After his graduation from the Gymnasium in 1901, he enrolled in the Saint Petersburg Theological Academy in order to study for the priesthood in the Russian Orthodox Church. During a crisis of Faith, Feodorov came to believe, "through the reading of the Father and of history", that the Roman Catholic Church is the one true church. In response, he began discreetly attending the Tridentine Mass at St. Catherine's Church on Nevsky Prospect. At the Ecclesiastical Academy, his teachers took to calling Feodorov, "our Catholic."

After much soul-searching, Feodorv decided to leave his studies in the summer of 1902 and travel to Rome in order to openly convert to the Roman Catholic Church. In order to interrupt his studies and be granted a passport necessary for foreign travel, Feodorov needed the permission of the Academy Inspector, Archimandrite Theofan (Bystrov), who responded, "I know very well why you wish to go to Italy... So be it, and may God keep you." Fr. Cyril Korolevsky alleges that Archimandrite Theofan, "was quite convinced of the truth of Catholicism, but like a number of others he could not bring himself to take the definite step." In reality, Archimandrite Theofan remained Orthodox even after the October Revolution, when he become a refugee from in Bulgaria and France.

Leonid Feodorov and his Catholic spiritual mentor, Fr.
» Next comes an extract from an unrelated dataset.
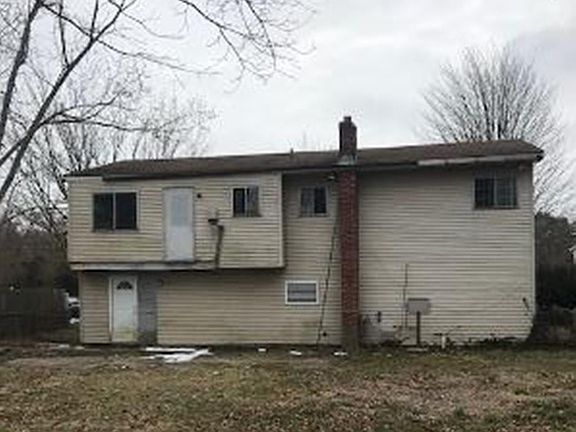 2nd image of 49 Oakridge Dr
Jan Szyslawski, travelled to Rome by way of Austrian-ruled Lviv, where Metropolitan Andrey Sheptytsky of the Ukrainian Greek Catholic Church blessed his mission.

Conversion and ordination
On 31 July 1902, Feodorov was formally received into the Catholic Church at the Church of the Gesù in Rome. In the aftermath, he began studying at the Jesuit seminary at Anagni under the pseudonym of "Leonidas Pierre," which was meant to keep the Tsar's secret police, or Okhrana, off his trail.

Although Leonid had originally promised to adopt the Latin Rite, while studying in the Collegio Leoniano, a Jesuit major seminary at Anagni, Leonid came to believe that it was his duty to remain faithful to the liturgy and customs of the Christian East. With the full permission and encouragement of Pope Pius X, Leonid transferred to the Russian Byzantine Catholic Church. As a result of his decision, Leonid was disowned by his former Jesuit mentor and afterwards depended for his finances on Metropolitan Andrei Sheptytsky of Lviv.

On March 25, 1911, he received ordination as a Byzantine rite priest by Metropolitan Michael Mirov of the Bulgarian Greek Catholic Church in Constantinople. He spent the following years as a Studite hieromonk in Bosnia and Ukraine and was tonsured with monastic name 'Leontiy' on 12 March 1913.

Return to Russia
On the eve of the First World War, he returned to Saint Petersburg whereupon he was immediately exiled to Tobolsk in Siberia as a potential threat to the Tsar's government which held Russian Orthodoxy as its state religion.

After the February Revolution, the Provisional Government ordered the release of all political prisoners. A three-day Synod of the Russian Byzantine Catholic Church opened in Saint Petersburg under the leadership of Metropolitan Andrey, who, at the end of the Synod, named Feodorov Exarch of the Russian Catholics. Once Fr. Cyril Korolevsky successfully proved to the Holy See that Metropolitan Andrey had simply made use of his rights as defined by Pope Pius X, Feodorov's position as Exarch was confirmed by Pope Benedict XV.

He served as abbot in the Church of the Descent of the Holy Spirit in Petrograd, under his leadership the women's order of the Holy Family, the Community of Sisters of the Holy Spirit, and the Society of John Chrysostom were founded. He made presentations, participated in disputes with Orthodox clergy.

The Cieplak Trial
Open persecution of religion began in 1922. The clergy were forbidden to preach religion to anyone under eighteen years of age. Then, all sacred objects were ordered to be seized for "famine relief" and lay councils called dvatsatkii were installed in each parish by the GPU with the intention of making the priest a mere employee. When both the Exarch Leonid and the Latin Rite Archbishop Jan Cieplak refused to permit this, all Catholic parishes were forcibly closed by the State.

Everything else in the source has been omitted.